Reverse engineering a referer spam campaign

It looks like someone’s launched a new referrer spam campaign today, there’s a huge uptick in traffic here. The incoming requests are from all over the internet, presumably from a botnet of hijacked PCs, but it looks like all of the links point to a class C network at 85.255.114 somewhere in the Ukraine.

It’s interesting to think a little about link spam campaigns and what opportunity the operators hope to exploit. Two major types of link spam on blogs are comment spam and referrer spam. My perception is that comment spam is more common. Most blogs now wrap outgoing links in reader comments with “rel=nofollow” to prevent comments links from increasing Google rank for the linked items, but the links are still there for people to click on.

Referrer spam is more indirect. It is created by making an HTTP request with the REFERER header set to the URL being promoted.
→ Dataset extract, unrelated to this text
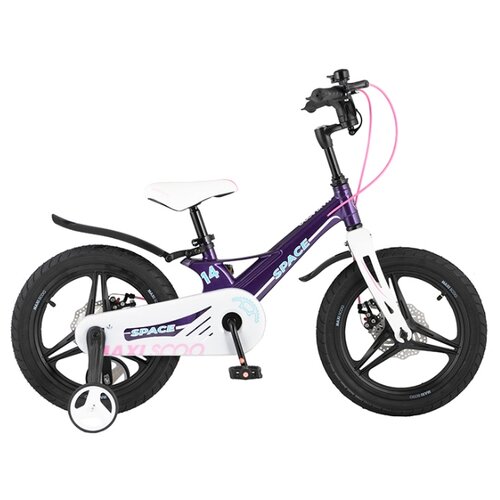 фото Детский велосипед maxiscoo space deluxe плюс 14" фиолетовый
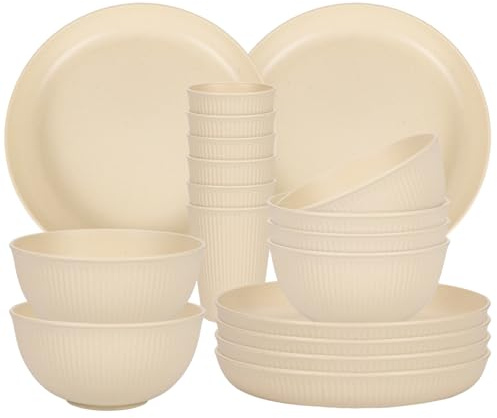Geschirr-Set für 6 Personen, 18-teilig, leicht, unzerbrechlich, 23 cm Teller, 15 cm Schüsseln, Tassen, Küchenteller und Schüsseln, Set (Beige)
Most of the time, this will only be visible in the web server log.

Here is a typical HTTP log entry:

87.219.8.210 	[04/Feb/2006:15:20:35 	-0800]
    GET 	/weblog/archives/2005/09/15/google-blog-search-referrers-working-now 	HTTP/1.1
    403 	- 	\"http://every-search.com\"

Some blogs and other web sites post an automatically generated list of “recent referrers” on their home page or on a sidebar. In normal use, this would show a list of the sites that had linked to the site being viewed. Recent referrer lists are less common now, because of the rise of referrer spam.

Referrer spam will also show up in web site statistic and traffic summaries. These are usually private, but are sometimes left open to the public and to search engines.

One presumed objective of a link spam campaign is to increase the target site’s search engine ranking. In general this requires building a collection of valid inbound links, preferably without the “nofollow” attribute. Referrer spam may be more effective for generating inbound links, since recent referrer lists and web site reports typically don’t wrap their links with nofollow.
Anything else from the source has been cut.